Internal strategy workshops systematically miss the attack surface of your own business model. Not out of incompetence, but because nobody in the room has a genuine interest in breaking the company apart. That is exactly the perspective AI-DisruptMe provides.
The controlled-attack method
The method comes out of the Y Combinator ecosystem and was originally developed to help startups identify outdated business models. AI-DisruptMe transfers it to established companies. External teams with no loyalty to the status quo build AI-powered business models with a single goal: serve the incumbent's customers better, cheaper or more conveniently.
The difference from a classic competitive workshop is fundamental. In the workshop, the company's assumptions get discussed and confirmed. In the controlled attack, they get attacked. What survives was actually stable. What falls was only thought to be stable.
Typical findings
Three patterns repeated across the projects run so far. First: customer interfaces that can be fully automated by AI agents were often the most expensive asset at the incumbent. Second: data silos considered an internal competitive advantage were reconstructed surprisingly fast by external AI models using publicly available data. Third: regulatory moats became less valuable than assumed once AI-native compliance processes were factored in.

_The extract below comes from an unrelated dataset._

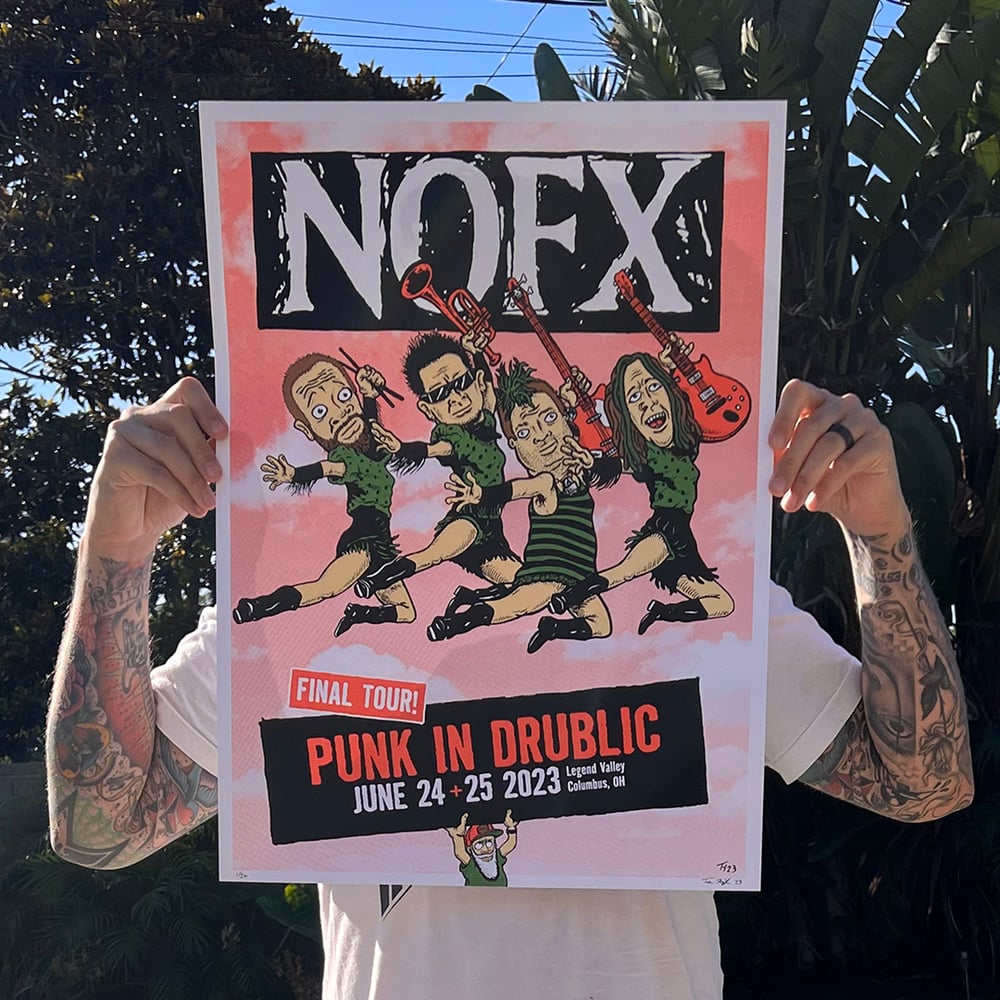 NOFX Final Tour: Signed/Numbered Official Poster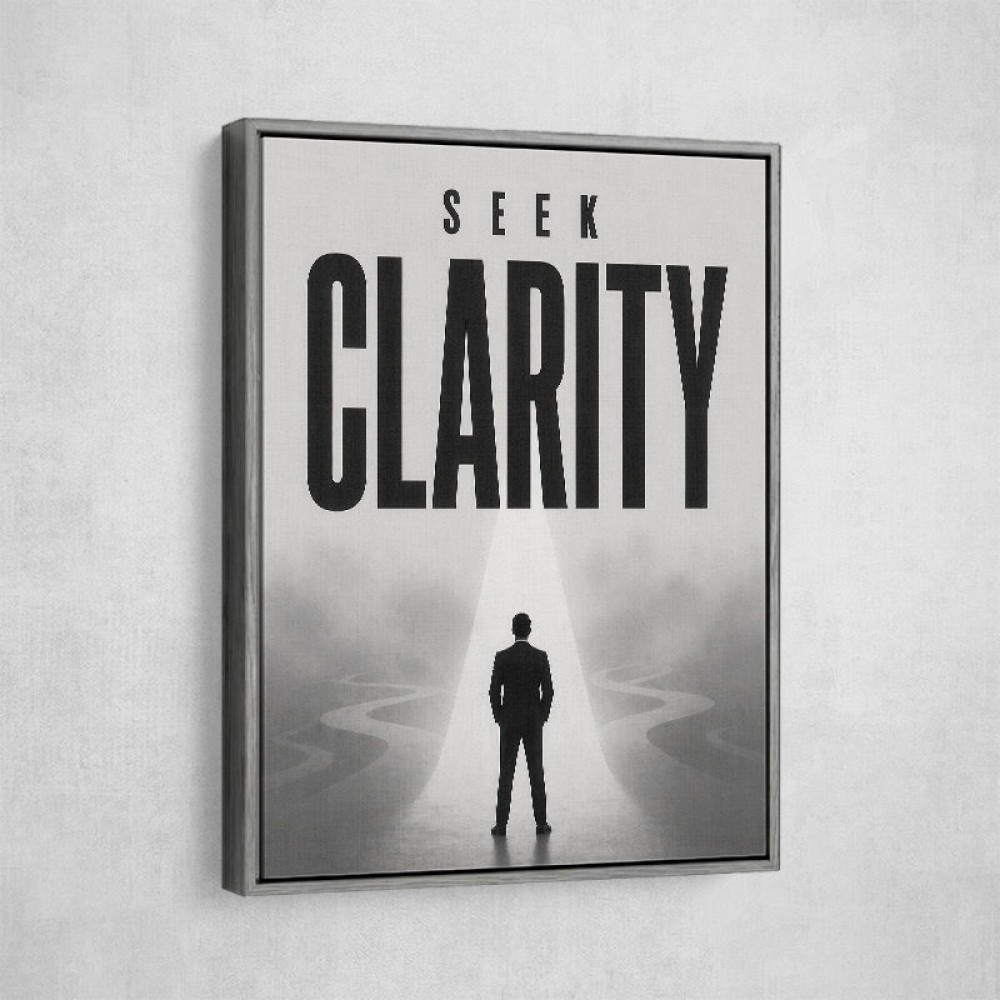 Seek Clarity – Vision & Purpose Wall Art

None of these patterns is universal. What matters is that they get tested in the specific controlled attack against the specific company. General trends do not substitute for a specific analysis.
What happens afterwards
At the end of a DisruptMe project there is not a report but a list of concrete attacks that would work, and a second list of counter-measures. The counter-measures are prioritized by effort, impact and urgency. Management then decides which of them to actually implement. The value of the project comes not from the uncovering itself but from informed non-action where the attack is harmless, and from fast action where it would be fatal.